» What to do
Restate all of the records below exactly. Do not carry over any image.

» Provided records
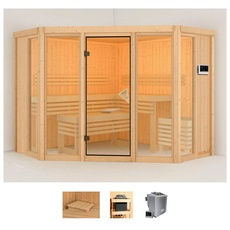 Bild von Sauna »Astrid 2«, (Set), 9-kW-Bio-Ofen mit externer Steuerung beige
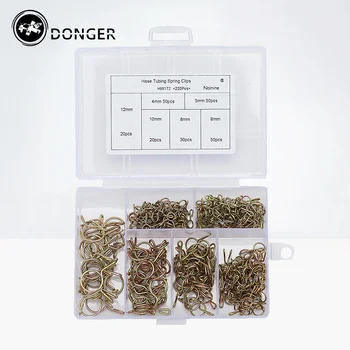 

220Pcs/set 4-12mm Fuel Line Hose Tubing Spring Clips Clamps Assortment Kit for Motorcycle Scooter ATV HW172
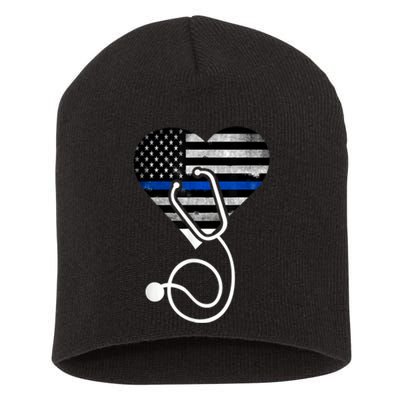 American Flag Heart with Police Thin Blue Line Nurse RN LVN Short Acrylic Beanie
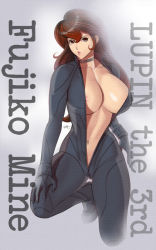 Rule 34 | 1girl, areola slip, bodysuit, breasts, brown eyes, brown hair, character name, choker, cleavage, copyright name, female focus, large breasts, lips, long hair, long sleeves, looking at viewer, lupin iii, mine fujiko, navel, no bra, open bodysuit, open clothes, parted lips, sidelocks, signature, solo, squatting, wakino keibun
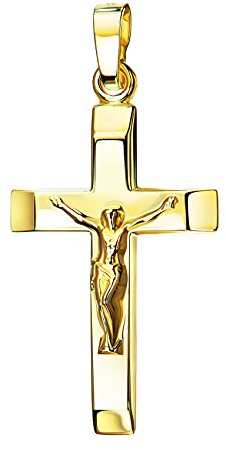 Kruzifix-Anhänger 585 Gold 14 Karat Kreuz-Anhänger Jesus Christus Ketten-Anhänger mit Schmuck-Etui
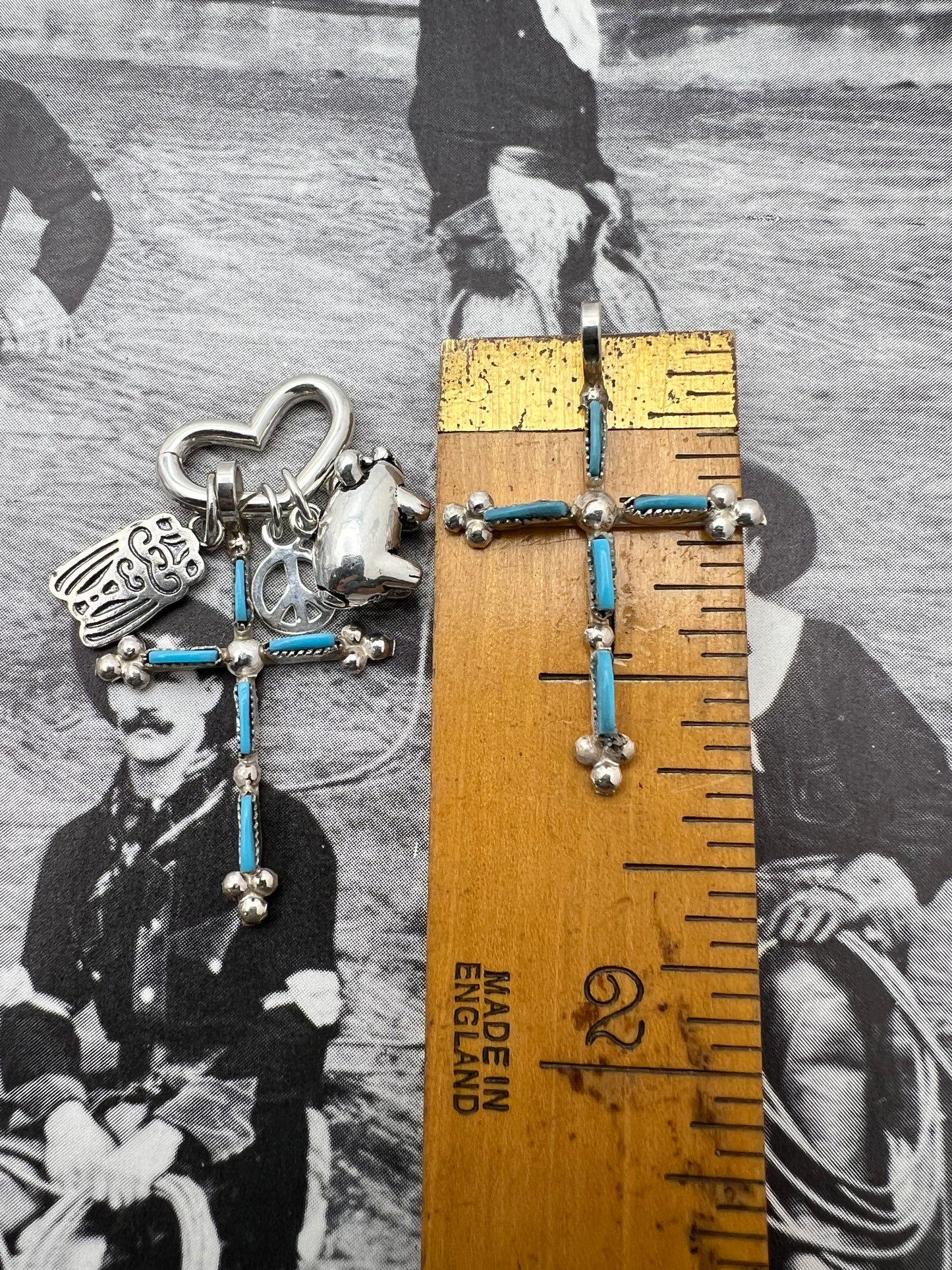 Zuni Needlepoint Turquoise Cross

» Answer to this exercise
 Bild von Sauna »Astrid 2«, (Set), 9-kW-Bio-Ofen mit externer Steuerung beige

220Pcs/set 4-12mm Fuel Line Hose Tubing Spring Clips Clamps Assortment Kit for Motorcycle Scooter ATV HW172
 American Flag Heart with Police Thin Blue Line Nurse RN LVN Short Acrylic Beanie
 Rule 34 | 1girl, areola slip, bodysuit, breasts, brown eyes, brown hair, character name, choker, cleavage, copyright name, female focus, large breasts, lips, long hair, long sleeves, looking at viewer, lupin iii, mine fujiko, navel, no bra, open bodysuit, open clothes, parted lips, sidelocks, signature, solo, squatting, wakino keibun
 Kruzifix-Anhänger 585 Gold 14 Karat Kreuz-Anhänger Jesus Christus Ketten-Anhänger mit Schmuck-Etui
 Zuni Needlepoint Turquoise Cross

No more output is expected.